*Dataset excerpt*.
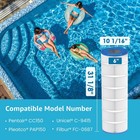 Aqua Crest Pool Spa Filter Replacement For Pentair Cc150 R173216 Unicel C-9415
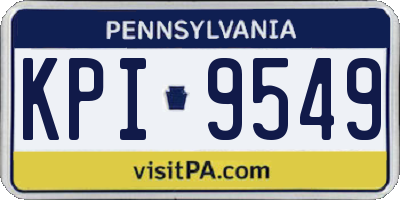 PA license plate KPI9549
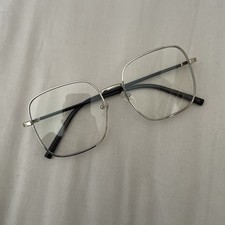 brillengestell damen eckig Silber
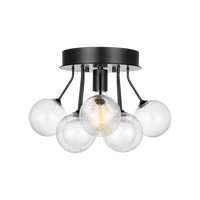 Bronzeville One Light Semi-Flush Mount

*Brief*. Once the pictures have been removed, reproduce each line of the material above exactly.

*Answer box*.
 Aqua Crest Pool Spa Filter Replacement For Pentair Cc150 R173216 Unicel C-9415
 PA license plate KPI9549
 brillengestell damen eckig Silber
 Bronzeville One Light Semi-Flush Mount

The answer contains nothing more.